Dataset:

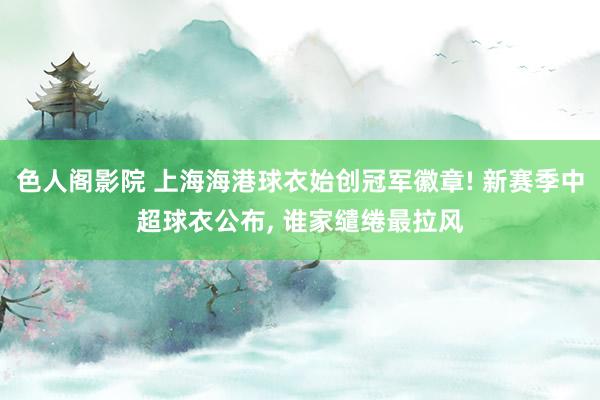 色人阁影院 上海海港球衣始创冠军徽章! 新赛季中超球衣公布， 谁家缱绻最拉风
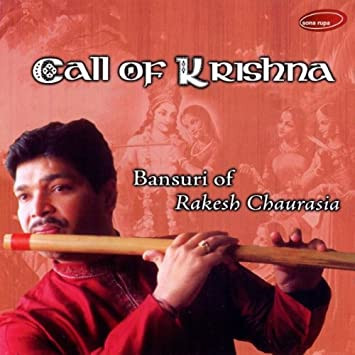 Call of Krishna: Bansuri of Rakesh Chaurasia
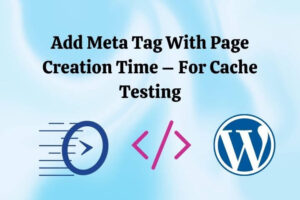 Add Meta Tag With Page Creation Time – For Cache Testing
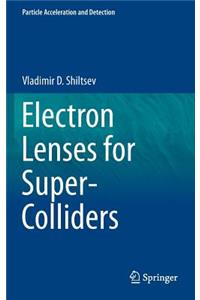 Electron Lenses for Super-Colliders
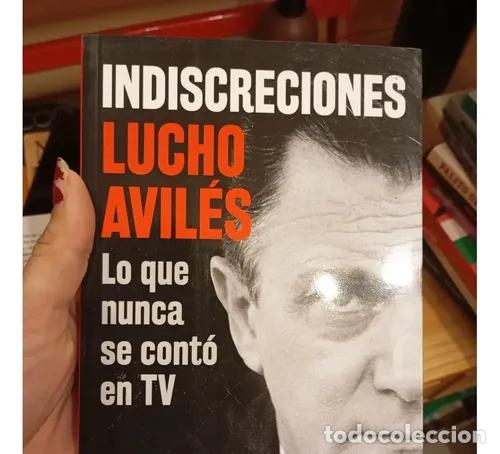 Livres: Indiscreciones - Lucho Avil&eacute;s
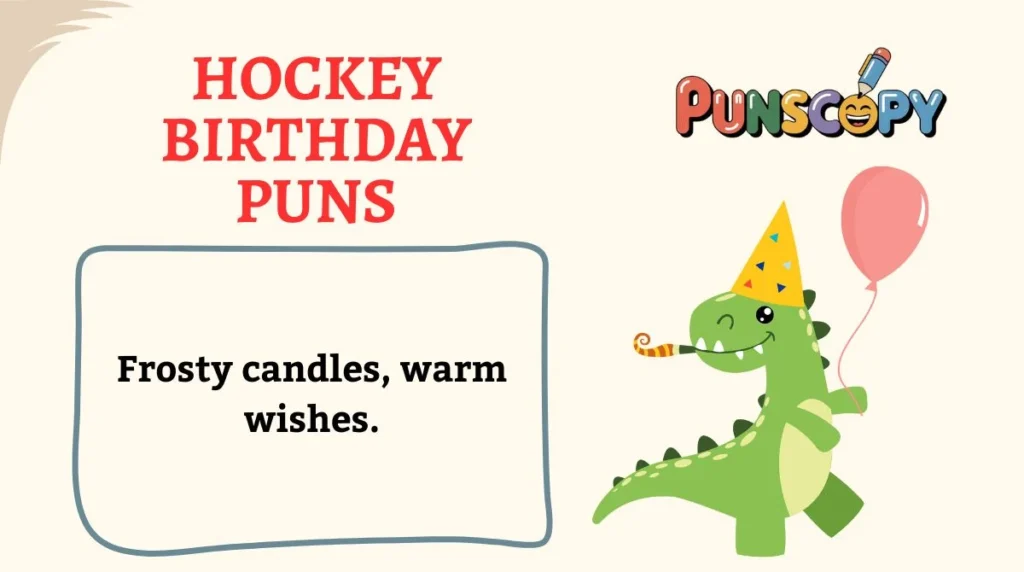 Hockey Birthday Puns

Task objective: Each record must be repeated exactly, and no picture may be carried over.

Task solution:
 色人阁影院 上海海港球衣始创冠军徽章! 新赛季中超球衣公布， 谁家缱绻最拉风
 Call of Krishna: Bansuri of Rakesh Chaurasia
 Add Meta Tag With Page Creation Time – For Cache Testing
 Electron Lenses for Super-Colliders
 Livres: Indiscreciones - Lucho Avil&eacute;s
 Hockey Birthday Puns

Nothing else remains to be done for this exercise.